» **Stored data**
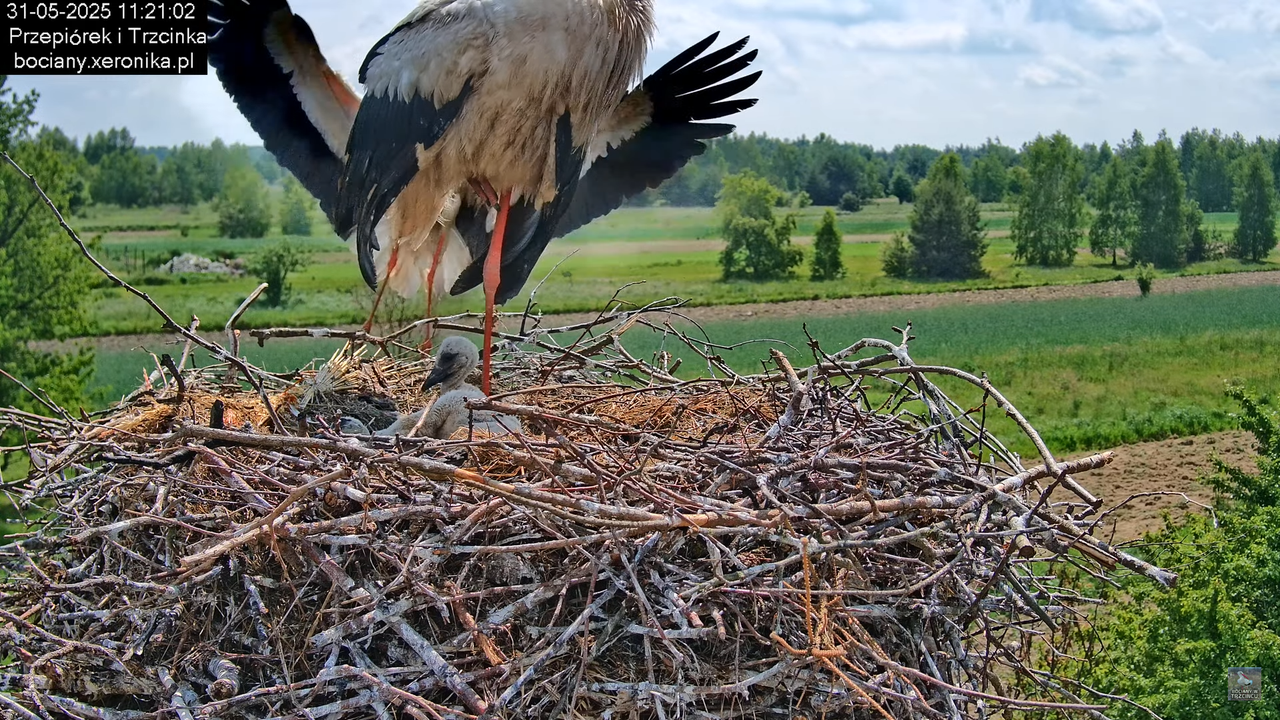 31052025bociany11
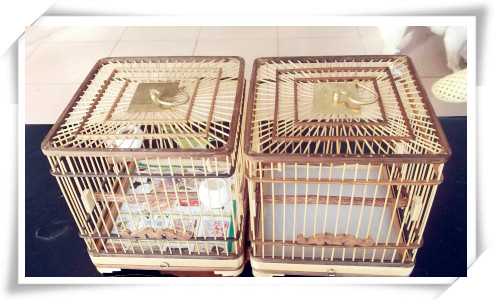绣眼、绣眼笼子 005_副本.jpg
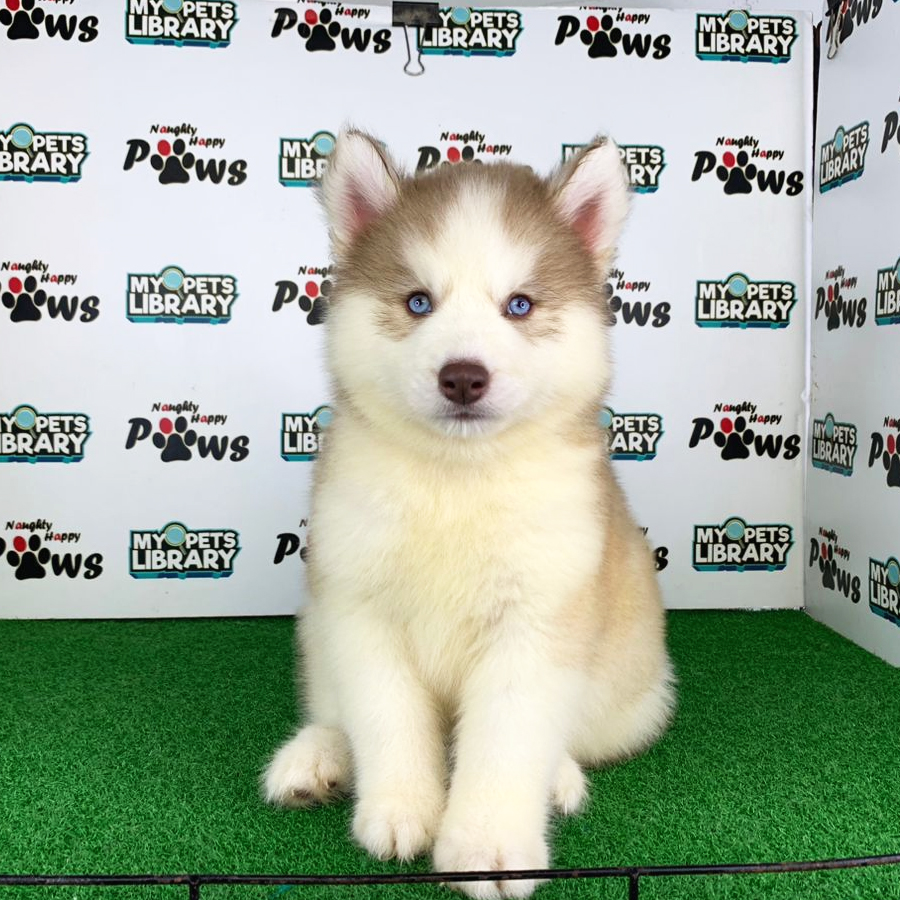 Wooly Husky Puppy (Male) For Sale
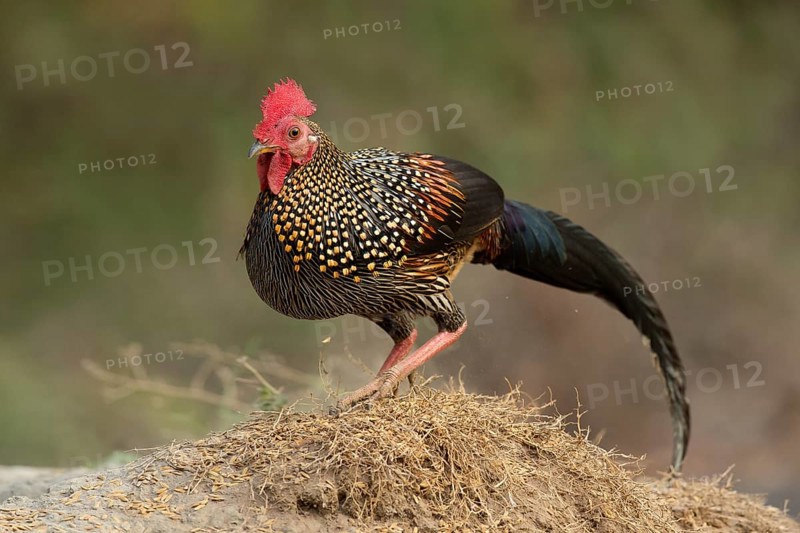 Grey Junglefowl (Gallus sonneratii) male, Kerala, India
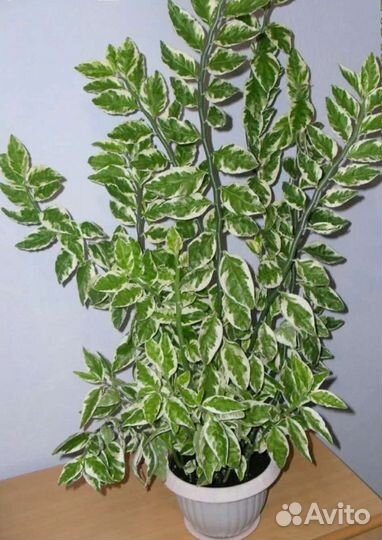 Педилантус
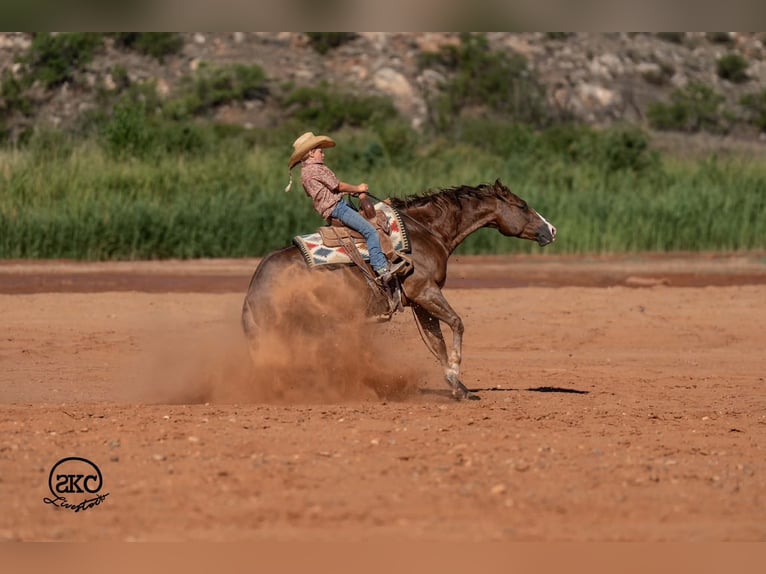 American Quarter Horse Wallach 6 Jahre Dunkelfuchs in Canyon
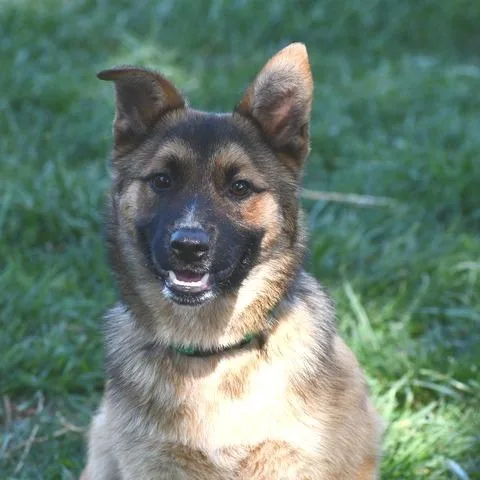 A young medium-sized male Brown / Chocolate German Shepherd Dog dog named Trapper for adoption in Johnson City, TN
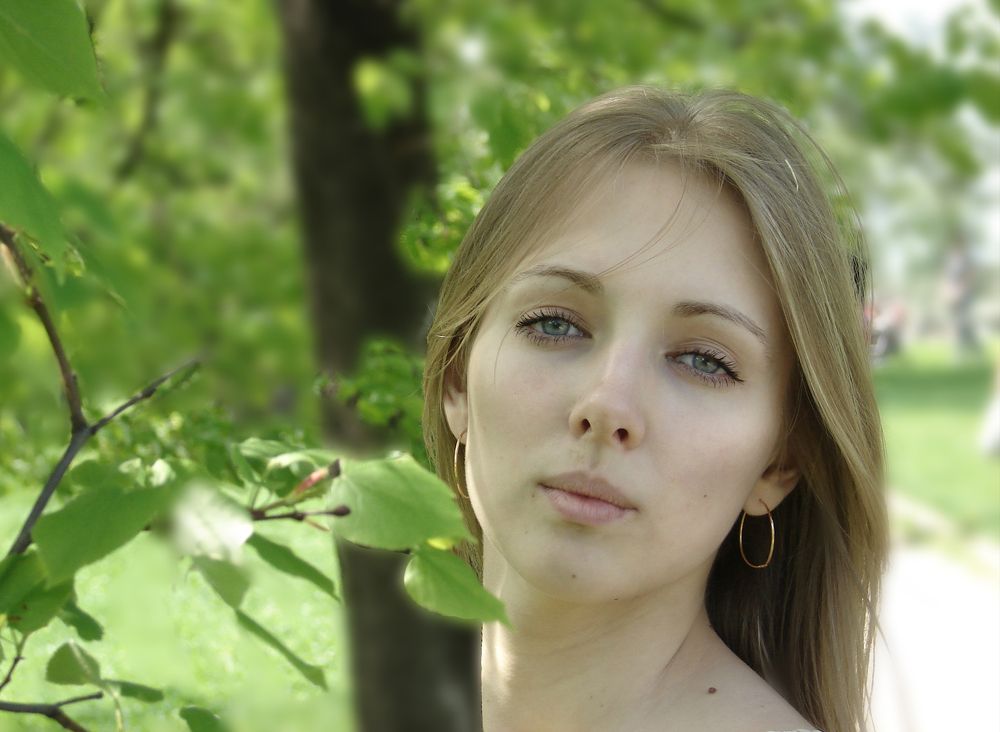Photo #8457586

» **Work required**
Please reproduce the records above exactly, omitting every picture.

» **Problem solution**
 31052025bociany11
绣眼、绣眼笼子 005_副本.jpg
 Wooly Husky Puppy (Male) For Sale
 Grey Junglefowl (Gallus sonneratii) male, Kerala, India
 Педилантус
 American Quarter Horse Wallach 6 Jahre Dunkelfuchs in Canyon
 A young medium-sized male Brown / Chocolate German Shepherd Dog dog named Trapper for adoption in Johnson City, TN
Photo #8457586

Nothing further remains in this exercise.